The Value of Append-Only

24 May 2019

When working on complex and distributed systems my goal is to make things as simple as possible. Take a look at how some of the biggest architecture projects, like Kafka, out there design to be high-performant and fault tolerant; partitions (or, sharding the data that passes through it), and append-only. Those are two of the key architectural principles that make Kafka work.

It is hard to reason about these systems, and it is hard to be confident when identifying just what exactly is happening. Ensuring that your operational data (99% of the times this is your database) is an append-only log of events is my go-to strategy.

Sometimes that means I have a system-versioned tables (whether supported out of the box, or enforced with triggers). Sometimes that means there is a process that runs at a regular interval to “make sense” of the collection of records that I have. Because that collection is ever changing.

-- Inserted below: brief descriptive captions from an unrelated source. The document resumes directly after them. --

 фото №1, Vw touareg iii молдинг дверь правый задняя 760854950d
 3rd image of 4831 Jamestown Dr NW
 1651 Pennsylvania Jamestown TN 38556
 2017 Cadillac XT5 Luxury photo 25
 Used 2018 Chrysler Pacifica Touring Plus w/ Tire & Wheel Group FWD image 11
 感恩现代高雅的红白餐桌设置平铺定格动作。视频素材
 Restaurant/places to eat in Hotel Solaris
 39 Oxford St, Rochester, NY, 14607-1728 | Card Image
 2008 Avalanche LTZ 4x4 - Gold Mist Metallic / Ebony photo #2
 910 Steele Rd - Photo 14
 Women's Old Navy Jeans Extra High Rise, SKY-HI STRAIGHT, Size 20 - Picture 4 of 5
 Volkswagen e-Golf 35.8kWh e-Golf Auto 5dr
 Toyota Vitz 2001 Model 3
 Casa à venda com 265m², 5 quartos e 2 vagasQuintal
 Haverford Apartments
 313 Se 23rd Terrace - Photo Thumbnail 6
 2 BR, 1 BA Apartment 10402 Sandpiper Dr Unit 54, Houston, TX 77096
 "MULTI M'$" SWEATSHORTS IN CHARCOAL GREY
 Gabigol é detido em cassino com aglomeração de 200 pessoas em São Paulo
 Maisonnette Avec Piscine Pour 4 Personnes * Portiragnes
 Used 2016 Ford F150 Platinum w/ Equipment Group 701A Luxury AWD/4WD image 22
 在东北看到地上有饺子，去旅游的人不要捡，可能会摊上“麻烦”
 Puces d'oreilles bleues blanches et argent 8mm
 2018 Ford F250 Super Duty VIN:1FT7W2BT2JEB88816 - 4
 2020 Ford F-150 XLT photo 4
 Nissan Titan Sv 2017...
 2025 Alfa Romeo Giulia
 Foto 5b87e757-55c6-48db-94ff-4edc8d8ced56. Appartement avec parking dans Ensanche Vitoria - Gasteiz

But if you have an important piece of data, that can be mutated by many different processes, and you’ve got UPDATE statements running over one another you are quickly going to get confused as to just how you got to your final state. I don’t care how many logging statements you put in there.

There is a reason these amazing projects use this techniques. They are tried and true. They are simple. They can be reasoned about.

You may not be building the next great piece of internet or software plumbing. But it doesn’t mean you can’t use the same techniques.

#Big Data  #Architecture  #Software Engineering